I created the below code in order to test my understanding of sse intrinsics. The code compiles and runs correctly but the improvement with sse is not very significant. Using sse intrinsics is approx. 20% faster. Should't it be roughly 4x faster or 400% improvement in speed? Is the compiler optimizing the scalar loop? If so how can this be disabled? Is something wrong with the sse_mult() function that I wrote?
#include <stdio.h>
#include <stdlib.h>
#include <time.h>
#include <emmintrin.h>
// gcc options -mfpmath=sse -mmmx -msse -msse2 \ Not sure if any are needed have been using -msse2
/*--------------------------------------------------------------------------------------------------
* SIMD intrinsics header files
*
* <mmintrin.h> MMX
*
* <xmmintrin.h> SSE
*
* <emmintrin.h> SSE2
*
* <pmmintrin.h> SSE3
*
* <tmmintrin.h> SSE3
*
* <smmintrin.h> SSE4.1
*
* <nmmintrin.h> SSE4.2
*
* <ammintrin.h> SSE4A
*
* <wmmintrin.h> AES
*
* <immintrin.h> AVX
*------------------------------------------------------------------------------------------------*/
#define n 1000000
// Global variables
float a[n]; // array to hold random numbers
float b[n]; // array to hold random numbers
float c[n]; // array to hold product a*b for scalar multiply
__declspec(align(16)) float d[n] ; // array to hold product a*b for sse multiply
// Also possible to use __attribute__((aligned(16))); to force correct alignment
// Multiply using loop
void loop_mult() {
int i; // Loop index
clock_t begin_loop, end_loop; // clock_t is type returned by clock()
double time_spent_loop;
// Time multiply operation
begin_loop = clock();
// Multiply two arrays of doubles
for(i = 0; i < n; i++) {
c[i] = a[i] * b[i];
}
end_loop = clock();
// Calculate time it took to run loop. Type int CLOCK_PER_SEC is # of clock ticks per second.
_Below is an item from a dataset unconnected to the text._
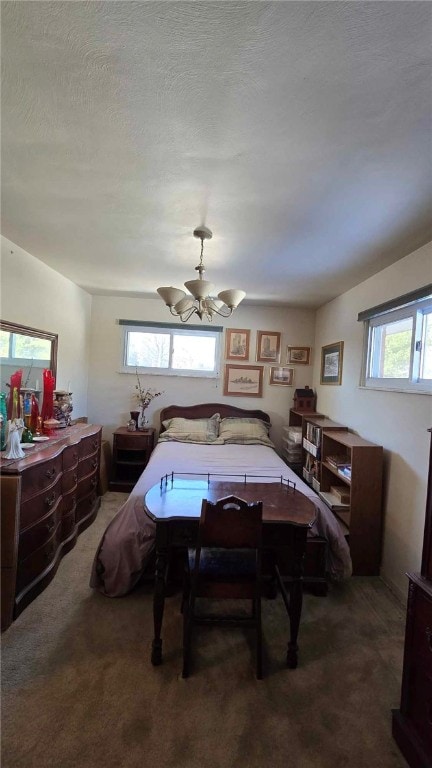 bedroom with ceiling fan, multiple windows, dark carpet, and a textured ceiling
time_spent_loop = (double)(end_loop - begin_loop) / CLOCKS_PER_SEC;
printf("Time for scalar loop was %f seconds\n", time_spent_loop);
}
// Multiply using sse
void sse_mult() {
int k,i; // Index
clock_t begin_sse, end_sse; // clock_t is type returned by clock()
double time_spent_sse;
// Time multiply operation
begin_sse = clock();
// Multiply two arrays of doubles
__m128 x,y,result; // __m128 is a data type, can hold 4 32 bit floating point values
result = _mm_setzero_ps(); // set register to hold all zeros
for(k = 0; k <= (n-4); k += 4) {
x = _mm_load_ps(&a[k]); // Load chunk of 4 floats into register
y = _mm_load_ps(&b[k]);
result = _mm_mul_ps(x,y); // multiply 4 floats
_mm_store_ps(&d[k],result); // store result in array
}
int extra = n%4; // If array size isn't exactly a multiple of 4 use scalar ops for remainder
if(extra!=0) {
for(i = (n-extra); i < n; i++) {
d[i] = a[i] * b[i];
}
}
end_sse = clock();
// Calculate time it took to run loop. Type int CLOCK_PER_SEC is # of clock ticks per second.
time_spent_sse = (double)(end_sse - begin_sse) / CLOCKS_PER_SEC;
printf("Time for sse was %f seconds\n", time_spent_sse);
}
int main() {
int i; // Loop index
srand((unsigned)time(NULL)); // initial value that rand uses, called the seed
// unsigned garauntees positive values
// time(NULL) uses the system clock as the seed so values will be different each time
for(i = 0; i < n; i++) {
// Fill arrays with random numbers
a[i] = ((float)rand()/RAND_MAX)*10; // rand() returns an integer value between 0 and RAND_MAX
b[i] = ((float)rand()/RAND_MAX)*20;
}
loop_mult();
sse_mult();
for(i=0; i<n; i++) {
// printf("a[%d] = %f\n", i, a[i]); // print values to check
// printf("b[%d] = %f\n", i, b[i]);
// printf("c[%d] = %f\n", i, c[i]);
// printf("d[%d] = %f\n", i, d[i]);
if(c[i]!=d[i]) {
printf("Error with sse multiply.\n");
break;
}
}
return 0;
}